• RECORDS FOR PROCESSING:
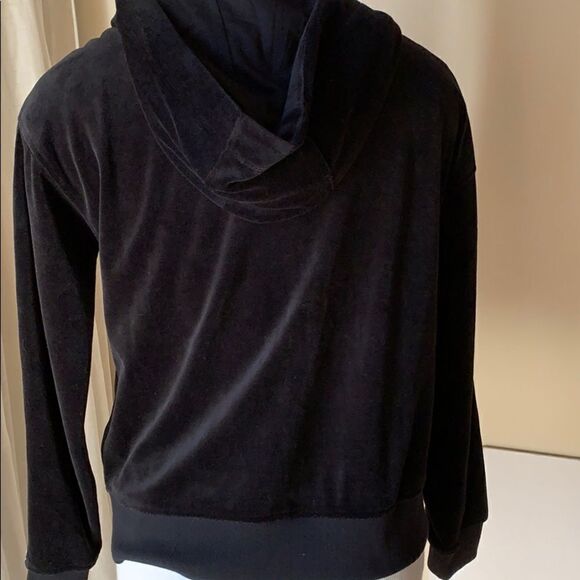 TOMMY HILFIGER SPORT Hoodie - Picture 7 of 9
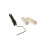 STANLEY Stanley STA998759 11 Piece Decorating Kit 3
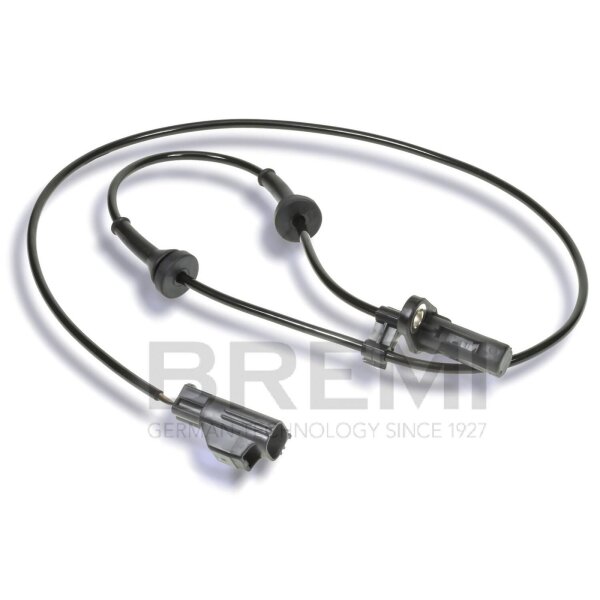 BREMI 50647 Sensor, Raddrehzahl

* * *

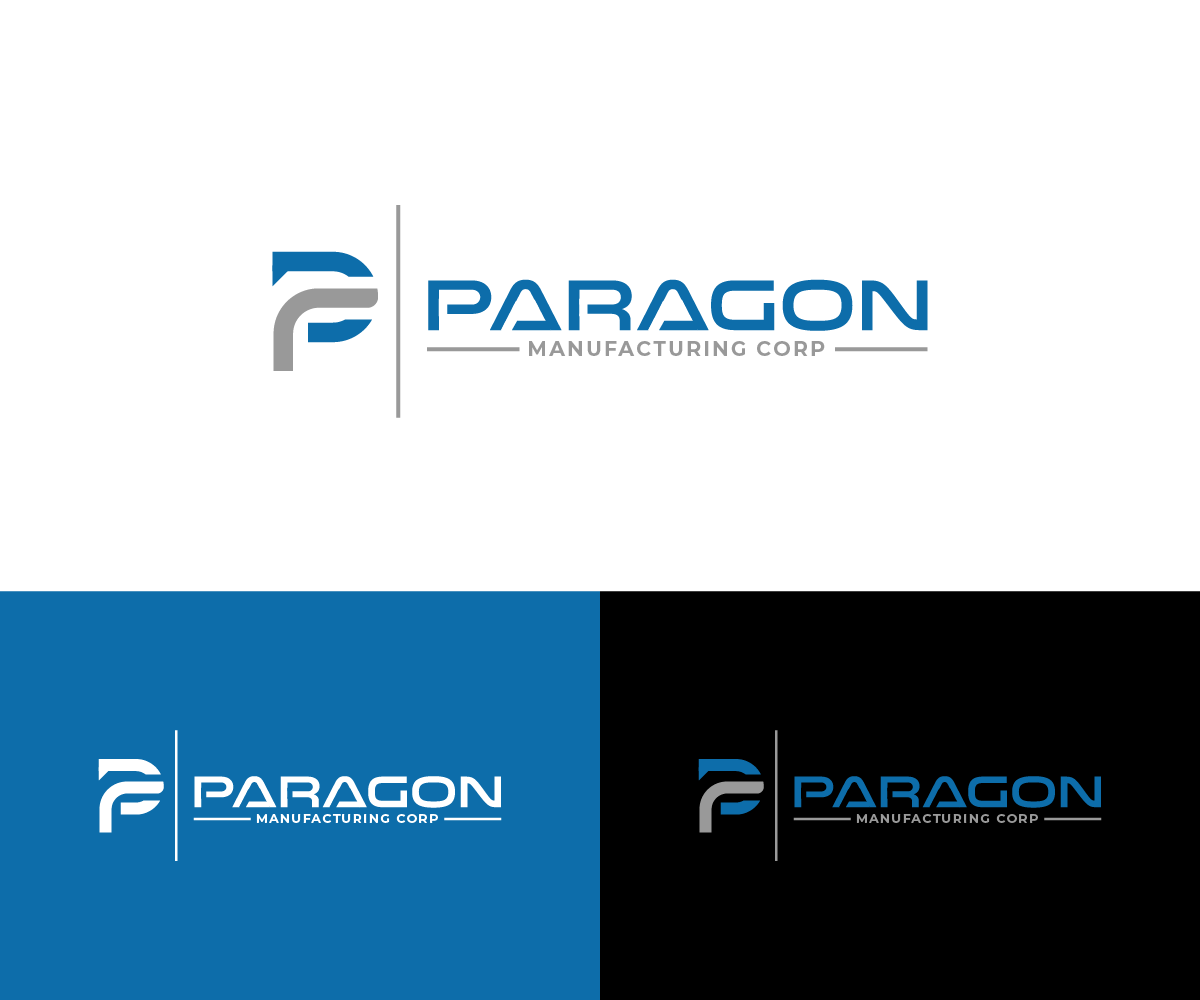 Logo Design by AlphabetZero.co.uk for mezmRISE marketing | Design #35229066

• TASK DESCRIPTION: Only the lines above from the one containing "STANLEY Stanley STA998759" through the one containing "BREMI 50647 Sensor, Raddrehzahl" should be returned, verbatim and inclusive, with pictures excluded.

• PROBLEM SOLUTION:
 STANLEY Stanley STA998759 11 Piece Decorating Kit 3
 BREMI 50647 Sensor, Raddrehzahl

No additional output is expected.